Когда говорил Игорь Шкляревский о Борисе Слуцком, что слабые поэты сбиваются в стаи, а сильные поэты живут одиноко, конечно, он имел в виду самого себя. И свою конкретную ситуацию. Я не думаю, что «стая» пушкинской плеяды или же круг символистов, даже футуристы от Маяковского до Хлебникова, такие уж слабые поэты. Но иным гениям необходимо общение, соперничество в близком кругу, другие, как Юрий Кузнецов или Игорь Шкляревский, очерчивают себя одиночеством. «В столетии я друга не нашел» — так по-кузнецовски мог бы сказать и поздний Шкляревский. Он принял поэзию как свою аскезу монаха. Иногда даже кажется, что он для себя поэзию поставил на место Бога или вровень с Богом. Ибо такое безлюдье, такое изгойство не может быть у верующего человека. В одиночестве Шкляревского есть своя гордыня и отсутствует христианское смирение. Впрочем, таким «приблизительно верующим» или совсем безбожным было почти все его поколение, последнее литературное поколение уходящей советской цивилизации — от Венички Ерофеева до Андрея Битова. Может быть, отсюда и обрыв каждого из них в свой одинокий круг. Ни православной соборности, ни советского коллективизма, а с возрастом уходят и узы братства и любви. Ни у послевоенной плеяды поэтов — Межиров, Слуцкий, Наровчатов, Твардовский, ни у ранних шестидесятников — Евтушенко, Вознесенский, Рождественский — такого изгойства не было и быть не могло. И вдруг поколение одиноких, из детдомовства в бездомность переходящих — Чухонцев, Примеров, Устинов, Глушкова, Русаков, Кузнецов. Но даже среди них Игорь Шкляревский выделяется беспощадностью своего безлюдья. Некий синдром хронической усталости от людей, служение лишь природе и поэзии, и больше никому. Все остальное — мимикрия, спасающая от натиска людей.
Тема детства в стихах Шкляревского всегда связана с прояснением для себя истоков своего одиночества.

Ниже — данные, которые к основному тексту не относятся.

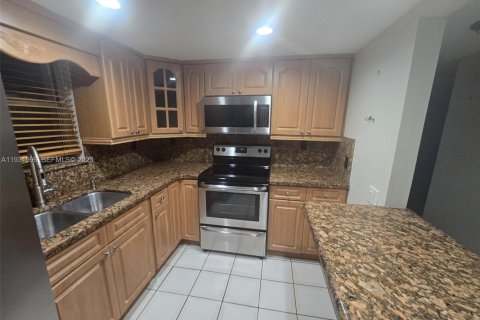 Купить кондоминиум в Майами, Флорида 2 спальни, 112.04м2, № 1990634 - фото 3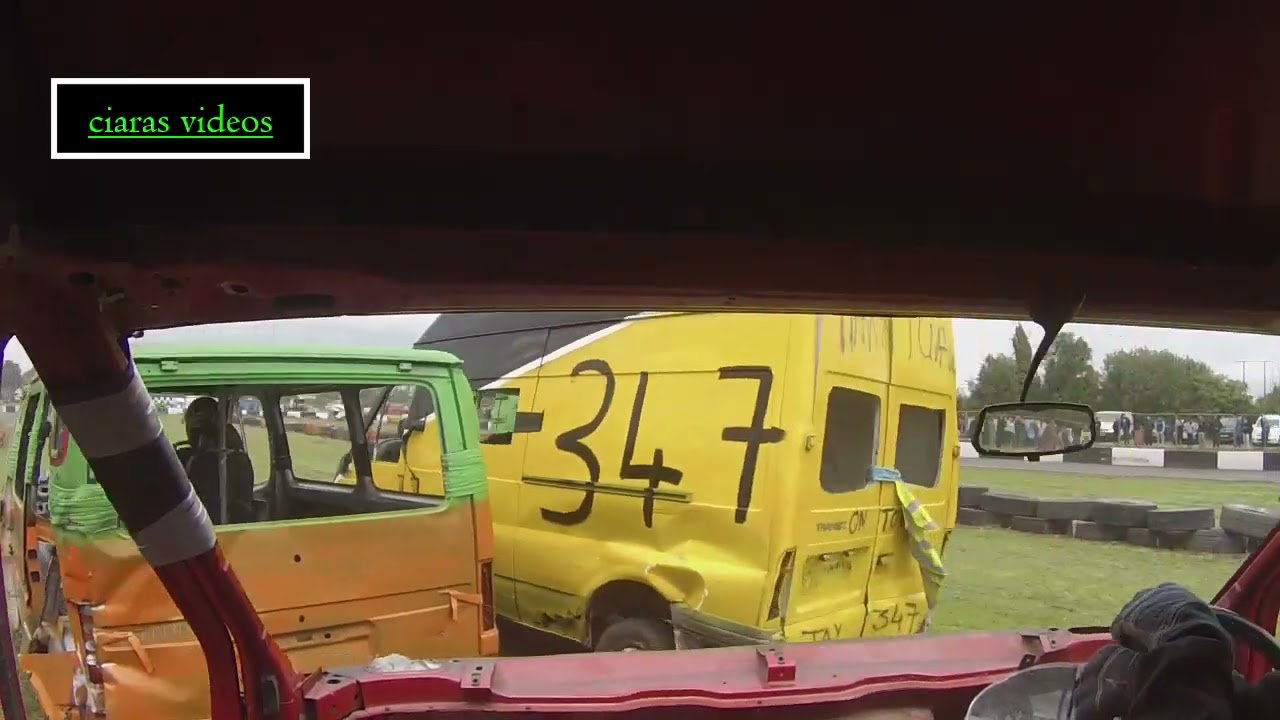 coolronan van bangers 30/06/24 Houndog117 in car first race b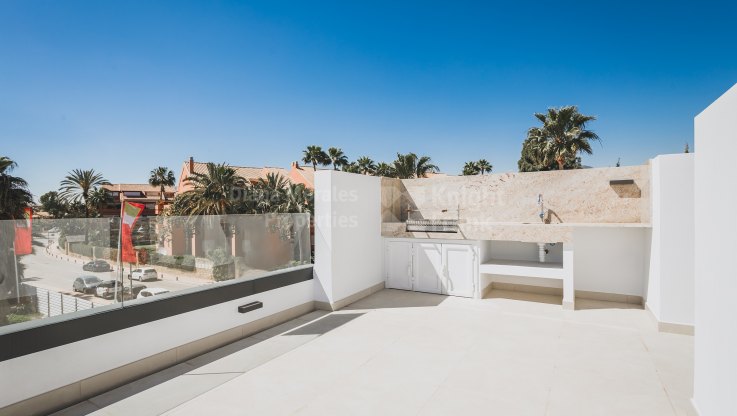 Banus Bay Villa zu verkaufen - Villa zum Verkauf in Las Mimosas, Marbella - Puerto Banus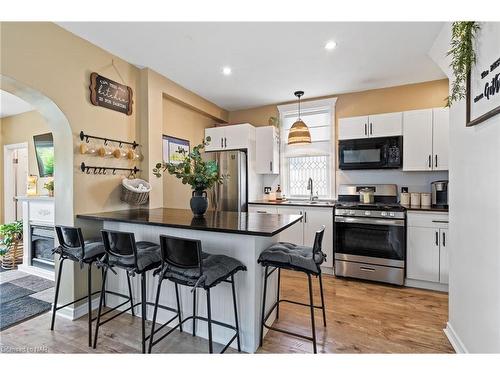 84 Steele Street, Port Colborne, ON - Indoor Photo Showing Kitchen With Upgraded Kitchen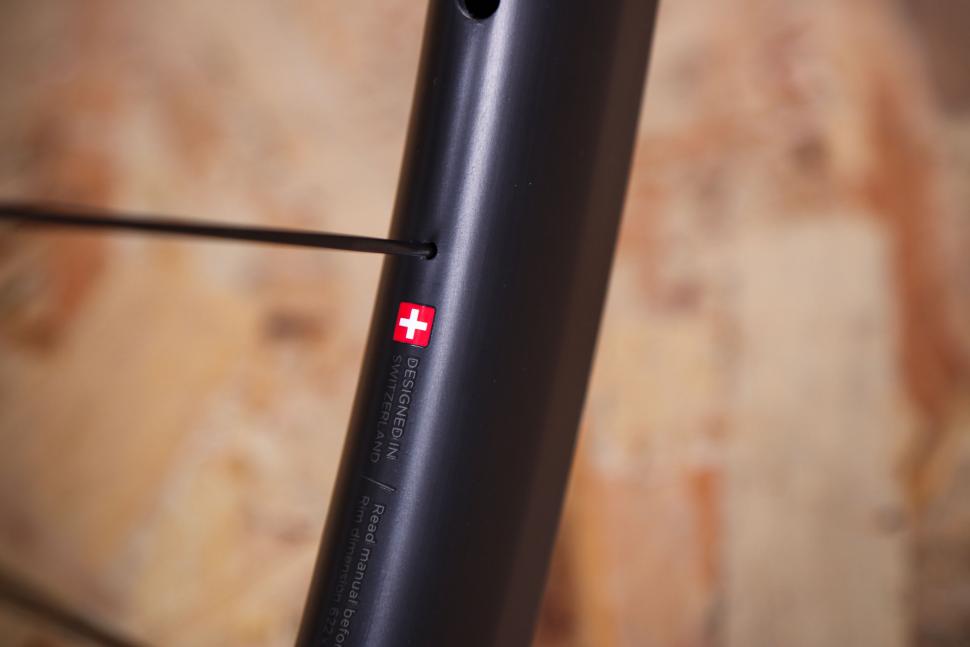 2022 Swiss Side HADRON&sup2; All-Road Wheelset - spoke detail.jpg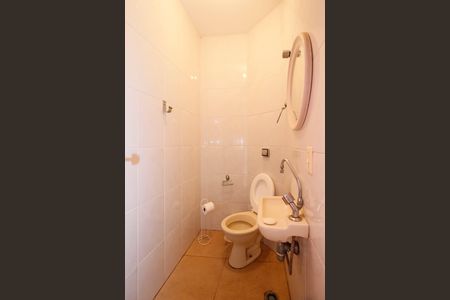 Casa de condomínio à venda com 459m², 4 quartos e 5 vagasLavabo 2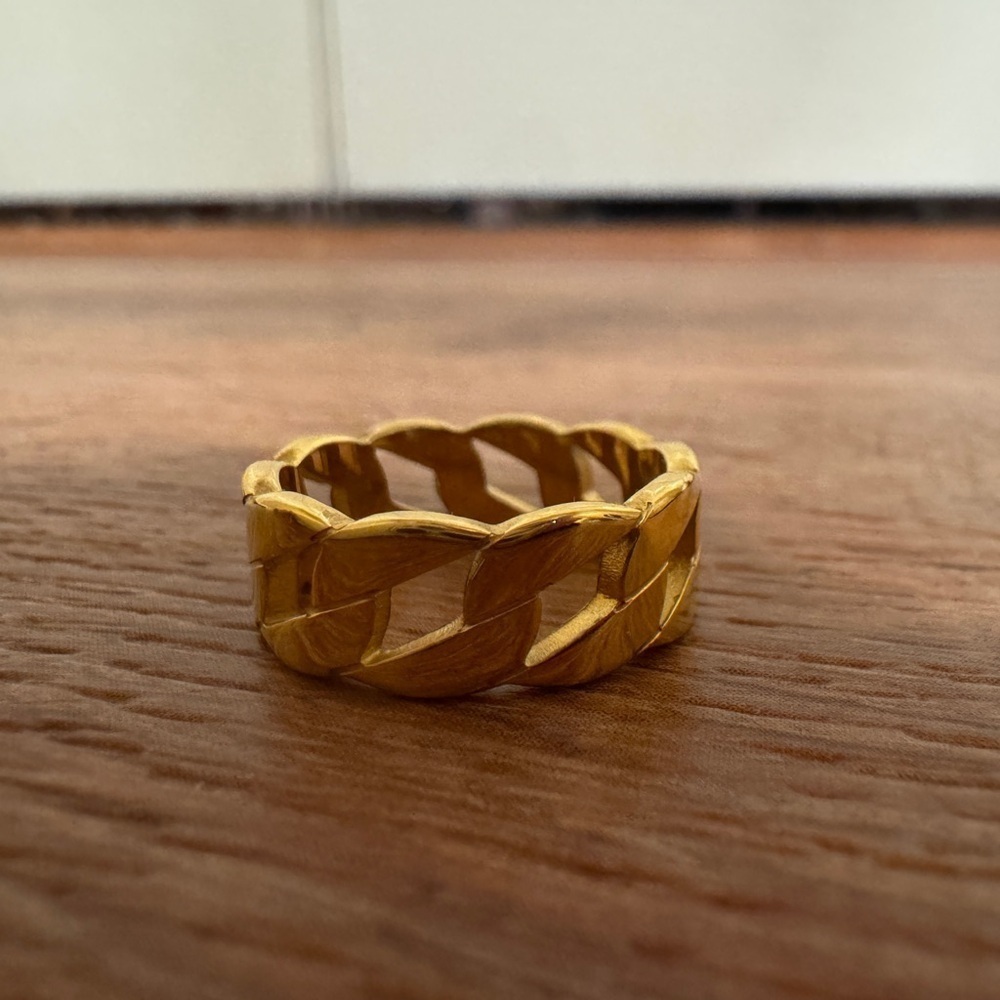 Gold toned flat chain ring​​​​​​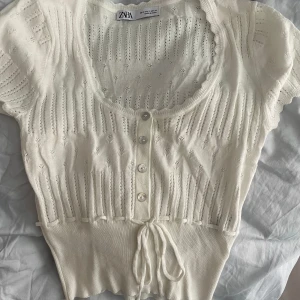 Zara topp - Strl S, använd 1 gång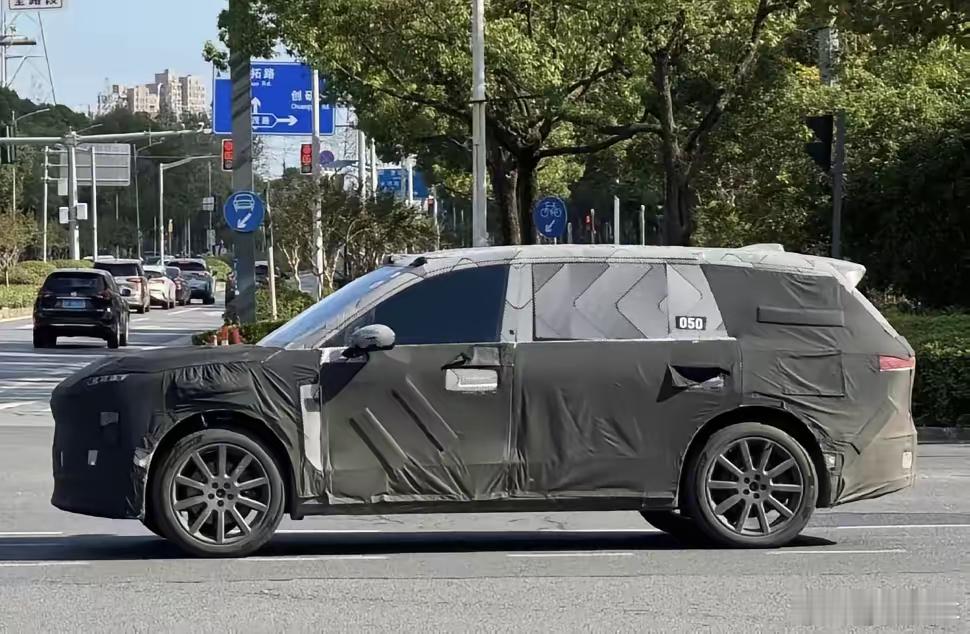 车身尺寸或超5.4米，蔚来全尺寸SUV ES9路试谍照再次曝光，侧面尺寸巨大，但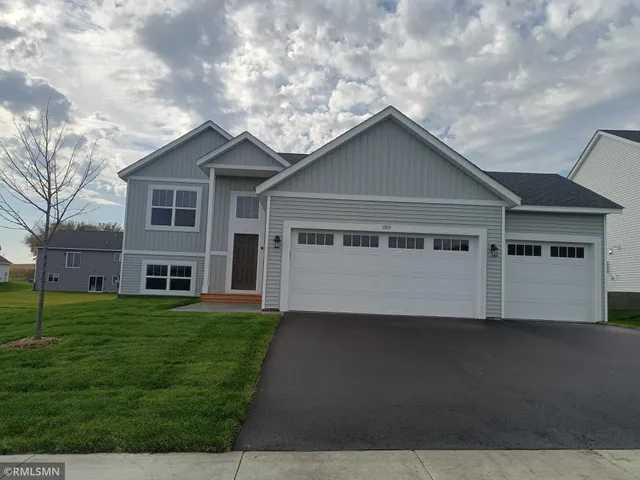 $379,900 | 1105 Otto Drive North, Delano, MN 55328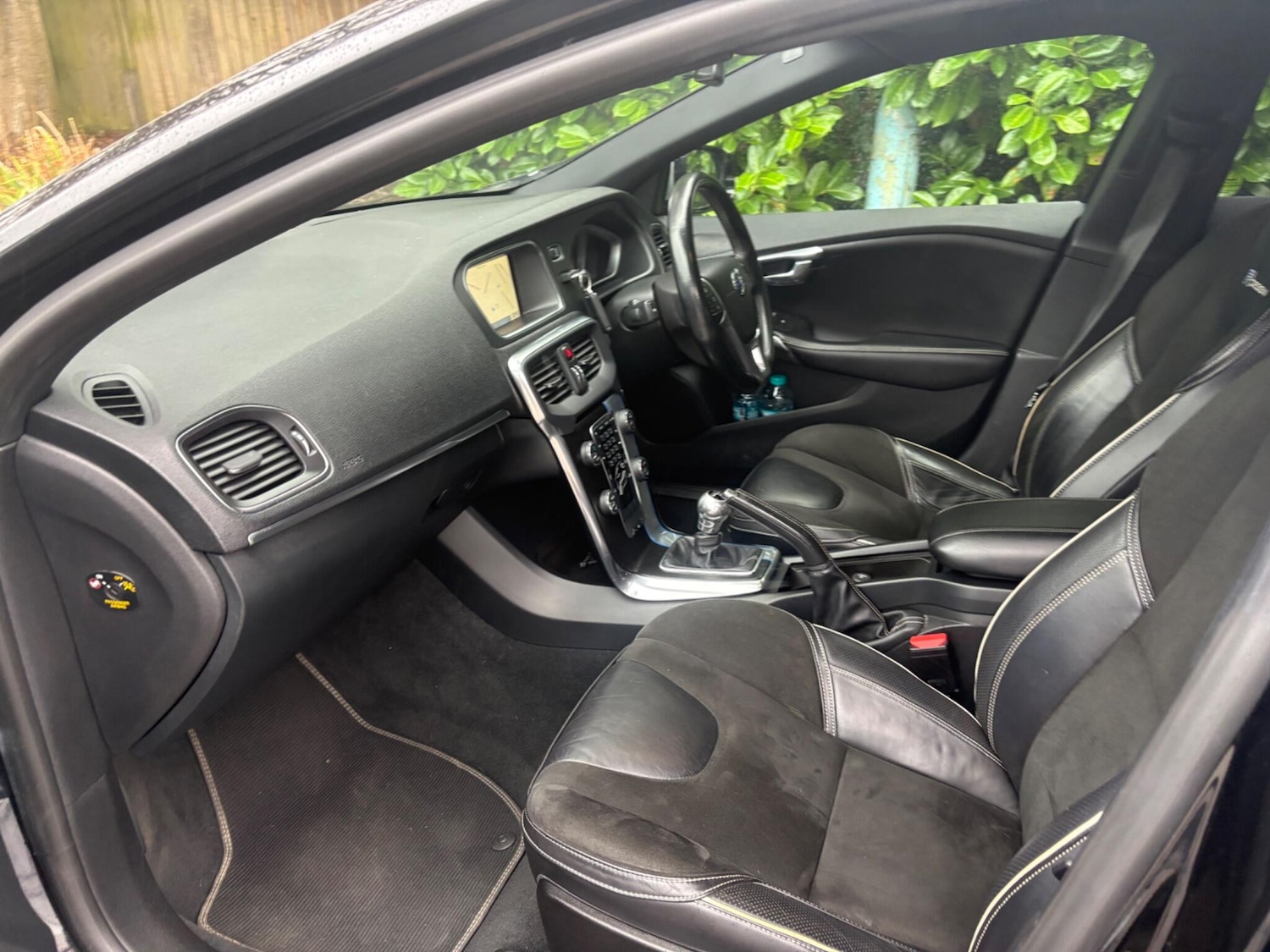 Used Volvo V40 2014 for sale - 77715550: Photo 42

Поэты его поколения раньше всех диссидентов почувствовали отсутствие общности людей в нашей стране, общих идей, общего дела, за чем неизбежно должен был последовать распад — горбачевский, ельцинский, какой угодно. Когда распад в душах людей остановится, а я на это надеюсь, мы вновь первыми почувствуем новую близость, новую общность именно в стихах новых поэтов.